Dataset excerpts:
━━━━━━━━━━━━━━━━━━━━
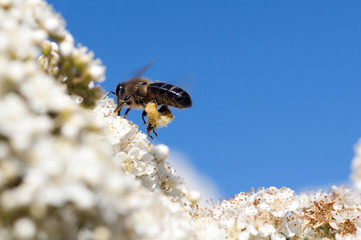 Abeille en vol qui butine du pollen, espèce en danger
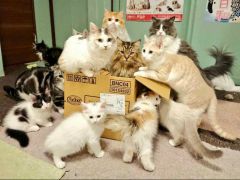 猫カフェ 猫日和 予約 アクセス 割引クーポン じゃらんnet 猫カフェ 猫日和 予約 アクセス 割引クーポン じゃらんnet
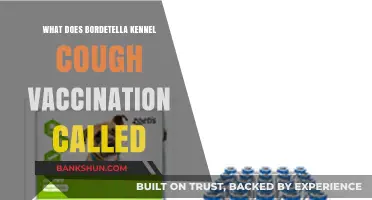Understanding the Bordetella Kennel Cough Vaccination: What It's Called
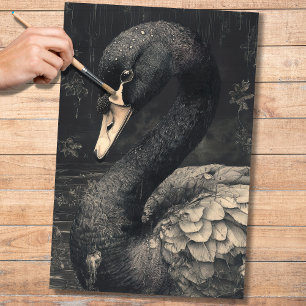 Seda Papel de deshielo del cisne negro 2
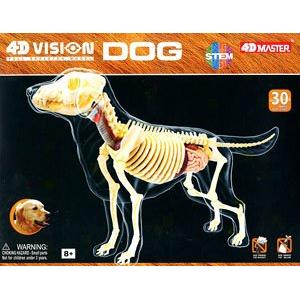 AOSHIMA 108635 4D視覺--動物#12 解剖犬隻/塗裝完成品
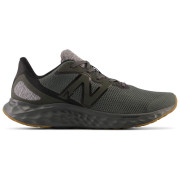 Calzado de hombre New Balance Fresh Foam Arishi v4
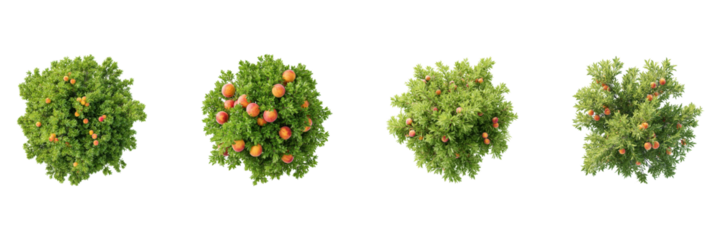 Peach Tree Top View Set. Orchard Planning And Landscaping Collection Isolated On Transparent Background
━━━━━━━━━━━━━━━━━━━━
TASK DIRECTIONS: Every entry above is to be set down exactly; the pictures are to be left out.

SOLUTION TO THIS EXERCISE:
 Abeille en vol qui butine du pollen, espèce en danger
 猫カフェ 猫日和 予約 アクセス 割引クーポン じゃらんnet 猫カフェ 猫日和 予約 アクセス 割引クーポン じゃらんnet
Understanding the Bordetella Kennel Cough Vaccination: What It's Called
 Seda Papel de deshielo del cisne negro 2
 AOSHIMA 108635 4D視覺--動物#12 解剖犬隻/塗裝完成品
 Calzado de hombre New Balance Fresh Foam Arishi v4
 Peach Tree Top View Set. Orchard Planning And Landscaping Collection Isolated On Transparent Background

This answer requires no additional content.